The [Passim package](https://github.com/dasmiq/passim) is a python library and set of command-line tools for analyzing document for test reuse. This notebook walks through the simplest method of installing it and presents a couple of case studies with a small corpus. One of the main reasons to use Passim, however, is its scalability to larger corpora by taking advantage of clusters of machines using the [Apache Spark](https://spark.apache.org/) library.

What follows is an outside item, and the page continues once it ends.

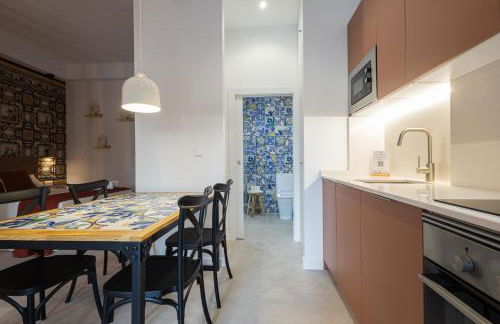 FLORIT FLATS - Stylish Valencia Ceramic Apartments with Free Bicycles by the Joaquin Sorolla Station - Photo 65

Although we don't discuss issues with these large deployments here, we do show a simple example of using Spark to manipulate Passim's output.

Since Spark uses java code at runtime, we check that we have a working `java` executable.

In [1]:
!java --version

openjdk 11.0.17 2022-10-18
OpenJDK Runtime Environment (build 11.0.17+8-post-Ubuntu-1ubuntu218.04)
OpenJDK 64-Bit Server VM (build 11.0.17+8-post-Ubuntu-1ubuntu218.04, mixed mode, sharing)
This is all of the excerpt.